When it comes to baseball and baseball stats, a lot of people - myself included - have trouble seeing things in a non-linear way. Team A is on pace to go 81-81, ergo they probably will end the season with that record. This can be a fun thing to poke fun at early in the year, for example looking at the pace a player is on in April.
For example, as of four days ago, Miguel Cabrera was on pace to hit .385/.459/.682 with 48 HRs and 196 RBIs. That's bound to happen, right?
Matt Kemp's first 29 games of 2012 saw him hit .406/.488/.832 with 12 HRs and 27 RBIs. He would end the year with 23 HRs in 106 games and a slash line of .303/.367/.538.
The same happens with some pitchers. Adam Wainwright had a 6.16 ERA after seven starts in 2012, but would finish the year with an ERA of 3.94.
Some players just start strong and end poorly, or vice versa.
That being said, I figured it would be interesting to look at stats of Blue Jays players to see how they are currently faring as compared to last year at the same point. Let's begin with the five original starting pitchers. Again, the 2012 stats represent how the pitcher did up until May 30 of last year.
2012: 3.31 ERA .215/.267/.387 line against
2013: 4.85 ERA .239/.321/.444 line against
Dickey was supposed to be the staff ace, and so far, he has disappointed a bit. There has already been a fair bit of work done on RA Dickey's troubles this year - most of the issues seem to stem from his loss in velocity. From this you might expect to see a higher walk rate, more hits allowed, and more runs against.
2012: 3.47 ERA .208/.270/.372
2013: 5.63 ERA .286/.339/.541
If the average player against Brandon Morrow were an actual, real player, he would have the 17th-highest SLG in the league. That's not good. Last year, Brandon Morrow broke out, posting an ERA of 2.96 with 2.4 WAR. At this point last year, though, he was slightly worse, posting that ERA of 3.47. His numbers are definitely up (or, down, depending on how you look at it) this year, but look for things to turn around based on Morrow's generally stronger second half.
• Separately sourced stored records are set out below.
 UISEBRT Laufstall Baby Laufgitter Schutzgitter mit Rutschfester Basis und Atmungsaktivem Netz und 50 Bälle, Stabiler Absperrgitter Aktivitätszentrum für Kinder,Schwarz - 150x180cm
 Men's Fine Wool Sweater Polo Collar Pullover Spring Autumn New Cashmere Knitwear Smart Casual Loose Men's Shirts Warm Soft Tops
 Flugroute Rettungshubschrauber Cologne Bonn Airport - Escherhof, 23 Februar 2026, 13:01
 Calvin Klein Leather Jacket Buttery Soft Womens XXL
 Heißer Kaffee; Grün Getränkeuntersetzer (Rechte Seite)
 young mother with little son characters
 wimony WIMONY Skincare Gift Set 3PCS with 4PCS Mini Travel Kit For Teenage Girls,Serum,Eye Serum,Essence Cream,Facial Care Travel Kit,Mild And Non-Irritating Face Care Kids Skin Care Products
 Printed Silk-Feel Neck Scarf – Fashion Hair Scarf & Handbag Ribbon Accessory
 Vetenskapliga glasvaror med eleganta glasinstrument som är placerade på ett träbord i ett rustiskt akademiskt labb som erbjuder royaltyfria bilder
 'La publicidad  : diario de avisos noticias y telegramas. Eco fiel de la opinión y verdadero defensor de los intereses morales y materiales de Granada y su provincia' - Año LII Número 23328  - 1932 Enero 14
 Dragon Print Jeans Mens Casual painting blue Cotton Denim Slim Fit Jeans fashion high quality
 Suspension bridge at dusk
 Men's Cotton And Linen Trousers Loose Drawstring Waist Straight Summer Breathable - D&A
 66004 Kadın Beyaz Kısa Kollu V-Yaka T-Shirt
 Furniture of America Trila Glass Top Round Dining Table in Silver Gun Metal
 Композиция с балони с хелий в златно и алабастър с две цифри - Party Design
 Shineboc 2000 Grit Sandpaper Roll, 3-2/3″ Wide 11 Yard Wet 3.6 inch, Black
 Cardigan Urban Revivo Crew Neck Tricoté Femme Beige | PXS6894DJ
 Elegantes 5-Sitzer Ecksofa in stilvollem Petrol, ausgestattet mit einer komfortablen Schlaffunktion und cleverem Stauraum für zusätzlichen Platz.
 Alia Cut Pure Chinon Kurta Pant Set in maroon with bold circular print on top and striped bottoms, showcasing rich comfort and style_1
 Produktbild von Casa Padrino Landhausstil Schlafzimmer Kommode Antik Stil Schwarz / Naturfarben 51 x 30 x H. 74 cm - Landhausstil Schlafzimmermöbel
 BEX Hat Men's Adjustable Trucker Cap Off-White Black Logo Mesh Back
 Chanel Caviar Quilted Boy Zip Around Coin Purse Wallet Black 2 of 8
2012: 3.26 ERA .254/.287/.392
2013: 5.51 ERA .273/.332/.457
Mark Buehrle has ben one of the most consistent pitchers in baseball over the last 12 years, throwing over 200 innings in each while maintaining a solid ERA. This year, Buehrle's ERA is through the roof, sitting at 5.51. At this point last year, his ERA was a good as it was at any point in the season. Buehrle finished last year with an ERA of 5.56. Could the move to the AL East at age 34 do him in? Buehrle's strongest months have always been May June and July, whereas April has always been his worst. This year, Buehrle's ERA in April was 6.35, and in May, 4.89. Not good at all, but getting somewhere. I'm thinking in a linear way again.
2012: 4.87 ERA .313/.366/.405
2013: 6.86 ERA .329/.396/.482
Josh Johnson is currently rehabbing from an injury, just like he did at one point in 2007, and 2008, and 2010, and 2011, and now 2013. That's just what happens when you are 6 foot 7, weigh 252 pounds, and throw the ball 95+ miles per hour, I guess. Last year, Johnson posted a 1.87 ERA in June, when he faced Atlanta, Boston, Tampa, Toronto, and Philly.
2012: 4.37 ERA .283/.344/.491
2013: 4.91 ERA .250/.347/.406
J.A. Happ is also currently on the DL with a knee issue. Happ had ben one of the better starters for Toronto this year, despite the 4.91 ERA. Over his career, Happ has been much better in the second half of the season, posting an ERA 80 points higher than that in the first half. Happ's K/9 (7.09), BB/9 (5.18), BABIP (.287), and LOB % (69.0%) are all hovering around his career average, so I would expect that when he returns, Happ will continue to produce around the same level.
That's it as far as starters go. It seems as though compared to last year, nearly every pitcher this year is doing much worse, but I don't think I had to tell you that.